- **Task description**
In the copy, leave out the pictures and repeat all records exactly.
Segment Open
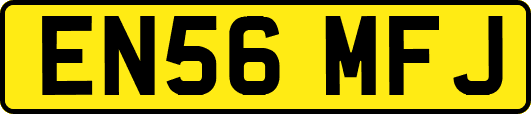EN56MFJ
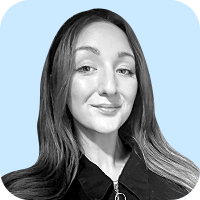 courtney-goodsell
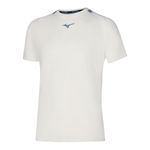 mens-men-s-t-shirt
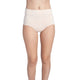 Nexwear Women's Incontinence Underwear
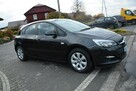 Opel Astra 1.4B 2014R/ 134 Tys Km/ Navi/ Sprowadzony/ Opłacony - 6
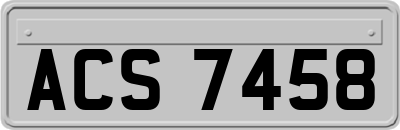 ACS7458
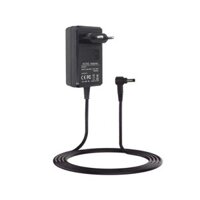 Dc 30.45V-1.1A Máy Hút Bụi Sạc Adapter Cho Dyson V10 V11 V12 V15 SV12 SV14 Máy Hút Bụi Pin Sạc Nguồn Điện
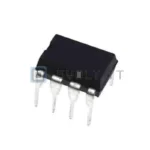 Memoria GD25Q64BPIG Flash Seriale SOP 64Mb – 1Pz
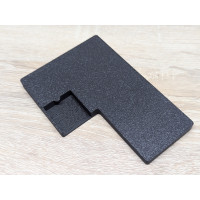 Kріплення SSD M.2 NVMe для ноутбука Fujitsu U759,U758,U757 Б/В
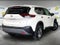 2023 Nissan Rogue AWD S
Segment Closed
- **Result below**
EN56MFJ
 courtney-goodsell
 mens-men-s-t-shirt
 Nexwear Women's Incontinence Underwear
 Opel Astra 1.4B 2014R/ 134 Tys Km/ Navi/ Sprowadzony/ Opłacony - 6
 ACS7458
 Dc 30.45V-1.1A Máy Hút Bụi Sạc Adapter Cho Dyson V10 V11 V12 V15 SV12 SV14 Máy Hút Bụi Pin Sạc Nguồn Điện
 Memoria GD25Q64BPIG Flash Seriale SOP 64Mb – 1Pz
 Kріплення SSD M.2 NVMe для ноутбука Fujitsu U759,U758,U757 Б/В
 2023 Nissan Rogue AWD S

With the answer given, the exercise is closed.